The extent of further ‘enclosure’ was also one of the key agents of change. The ‘enclosure’ of land, making larger estates out of open fields and communal pasture, had been characteristic of English agriculture since the fourteenth century; it helped to arouse the Peasants’ Revolt of 1381 and Jack Cade’s rebellion of 1450. It became a matter of prominent public debate as a result of Thomas More’s Utopia, published in 1516, in which More had condemned the conversion of arable land into pastoral. It was a case, he said, of the sheep eating the people.
The rise of population, the finite nature of resources, and the price of foodstuffs combined to make land the most desirable of all goods. When feudal ties were broken, when the laws and customs of manorial society ceased to operate, the demand from the prosperous was for land and more land. In the sixteenth and seventeenth centuries it was an instinctive law of being. The more land you owned, the greater you became. The more powerful you were, the easier it was to take away the customary but unwritten rights of the peasantry to gather the gleanings of the crop or to collect firewood; control of land was thereby extended.
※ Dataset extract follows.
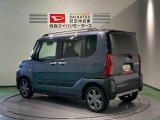 納車後の点検、車検などアフターサービスもお任せください!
A new race of landowners sprang up, and soon enough the landed gentry were a large component of parliament. They were protected, therefore, but the small freeholders and the cottagers were not. Those with the benefit of property purchased small parcels of further land in various locations, planning one day to join them together; they gained the manorial rights of parliamentary boroughs; they bought up ‘advowsons’ or land granted to the parson. The landowners wished to see their own territory from horizon to horizon, where the fruits of the field would be plentiful. To him who possessed much, more would surely follow.
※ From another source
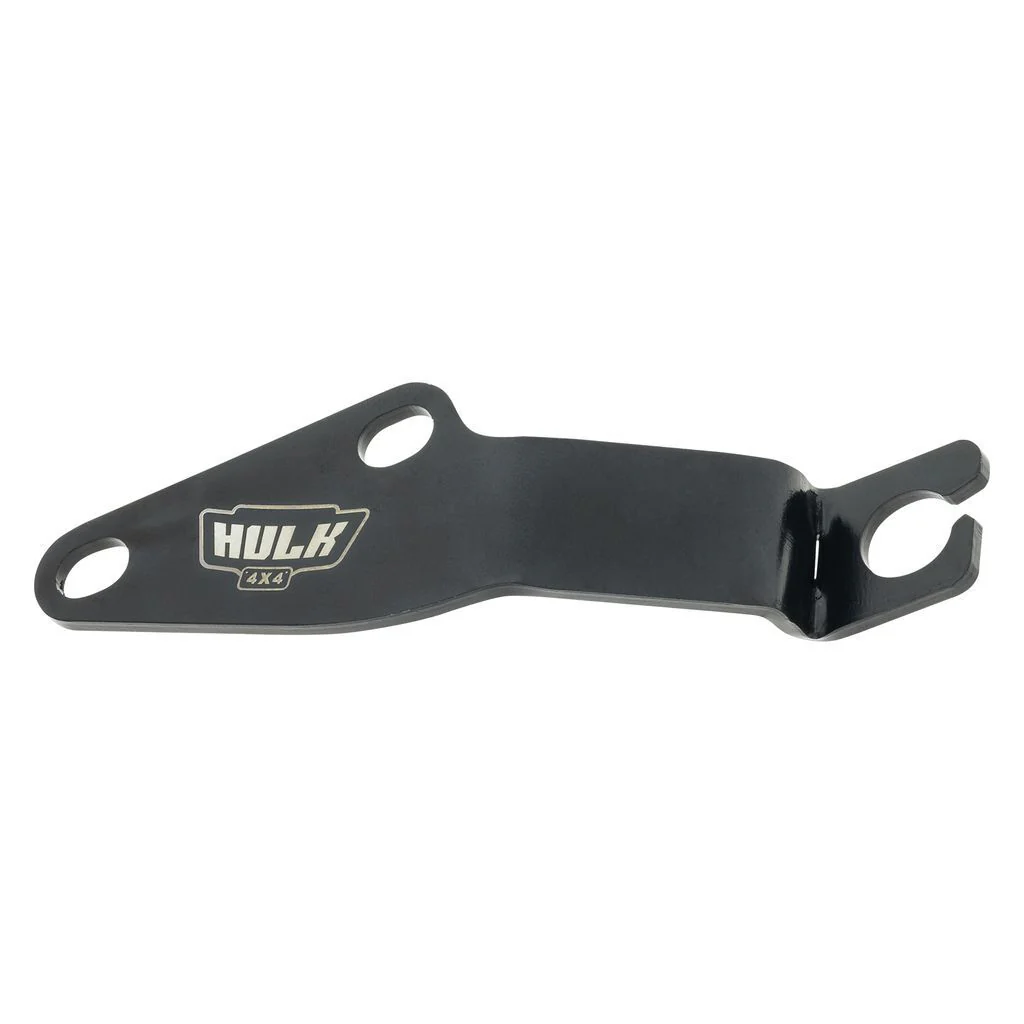 Toyota Fortuner (2015-2021) Hulk Bonnet Mount Antenna Bracket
Until the middle of the eighteenth century these enclosure agreements were organized by private treaty, in which no doubt bribery and blackmail played their part but in which common sense and mutual benefit played the larger role. The owners of the greatest number of strips in the old communal system might decide to join together and exchange land, for example, in order to provide soil for crops and pasture for husbandry. Another method was that organized by private Acts of Parliament. The first of these Acts was introduced in 1604 but the golden age of parliamentary enclosure, if that is the appropriate phrase, took place after the middle of the eighteenth century. It is more than likely that the parliamentary commissioners, employed to survey or to mediate land under dispute, tacitly supported the cause of agricultural reform; that was the spirit of the age. As a result, however, the balance was tipped against the independent voices of rural protest or the grievances of the ‘little people’. It required the owners of approximately 75 per cent of the land to initiate proceedings, ignoring the large majority of smaller owners.
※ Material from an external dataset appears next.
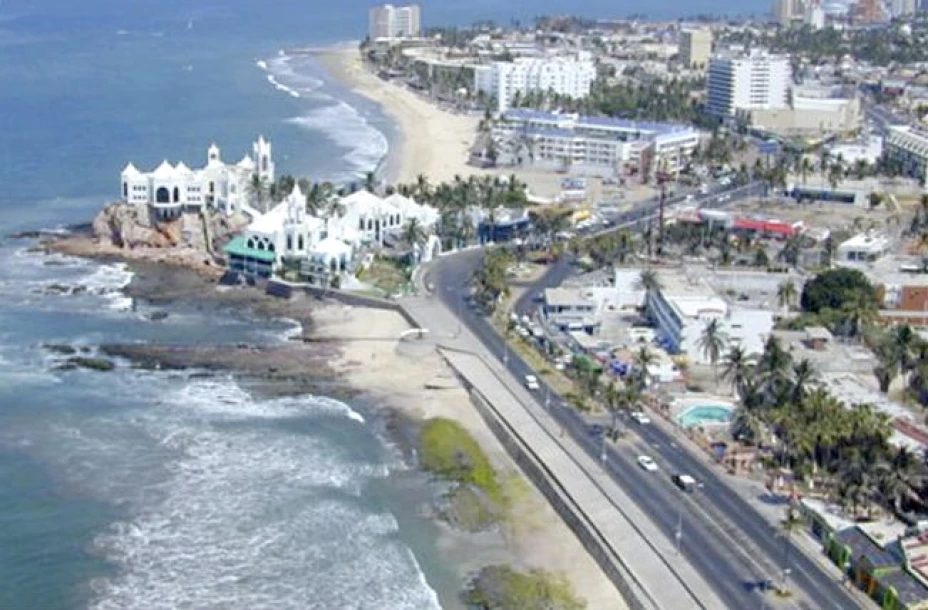 Mazatlan, Sinaloa.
Once the farmer owned the land, however he had acquired it, he could do what he liked and had no need to consult his neighbours. The advent of better drainage, and the introduction of rotating crops, increased the yield; the hedging and fencing of private land, and the new building necessary for storage, helped to create a wholly new agricultural landscape. The larger farmers were in addition much more open to new methods that encouraged efficiency and productivity. This has been called the economy of scale, or the birth of an agricultural industry based upon market forces.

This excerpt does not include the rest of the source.